By the late 1950s, the Beat scene in San Francisco was over. Kerouac and Ginsburg moved to New York and McKuen to Paris where he fell in and out of love. “I've drawn your face on tablecloths across the country, tracing your smile with my index finger, making your hair just so. Till now you're more what I want you to be than what you are.  I can paint your eyes and say this is where I lived for twenty minutes and more.”

In Paris he discovered the songs of Jacques Brel with whom he felt a deep kinship. McKuen translated Brel's songs and adapted the music.  On McKuen's return to the USA, he did much to make Brel known to an American public.
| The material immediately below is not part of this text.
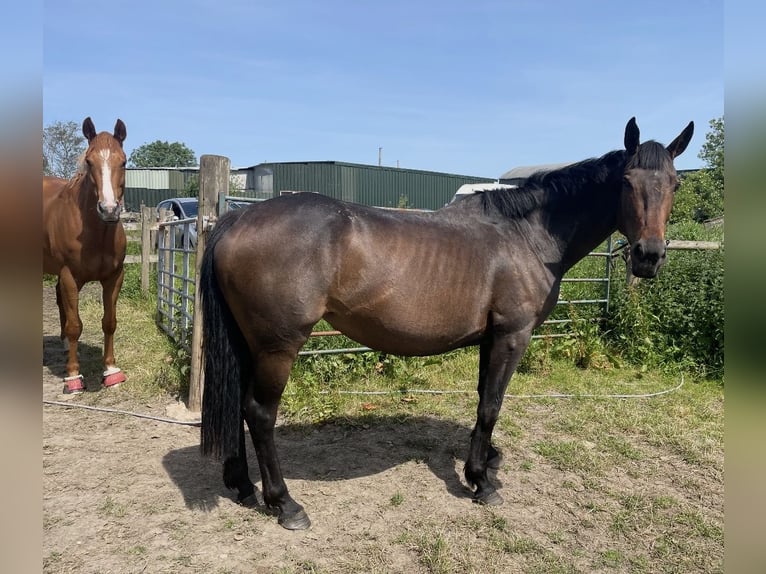 Pur-sang anglais Jument 4 Ans 152 cm Bai cerise in Bridgwater, Somerset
He also worked on words and music for other singers − the best known being Frank Sinatra's album A Man Alone  

McKuen divided his time between Europe and the USA, rarely staying in one place for long, but his simple and sad poems made him a best-selling poet.  “I live alone, that hasn't always been easy to do for just a single man.  Sometimes at night the walls talk back to me. They seem to say wasn't yesterday a better day.”

True to the Beat style, he gave concerts of his poems with music background, sometimes singing the texts, but more often, his was a spoken-word poetry.  In 1981, he gave up the concerts having been diagnosed with clinical depression.  His books of poems continued to sell as the children of the 1960s generation who had been fans discovered them. He lived with his half-brother, and it seems that he continued to write but published little − remaining a voice of the 1950-1960s.  As he said of himself “Hello's the word before good-bye.”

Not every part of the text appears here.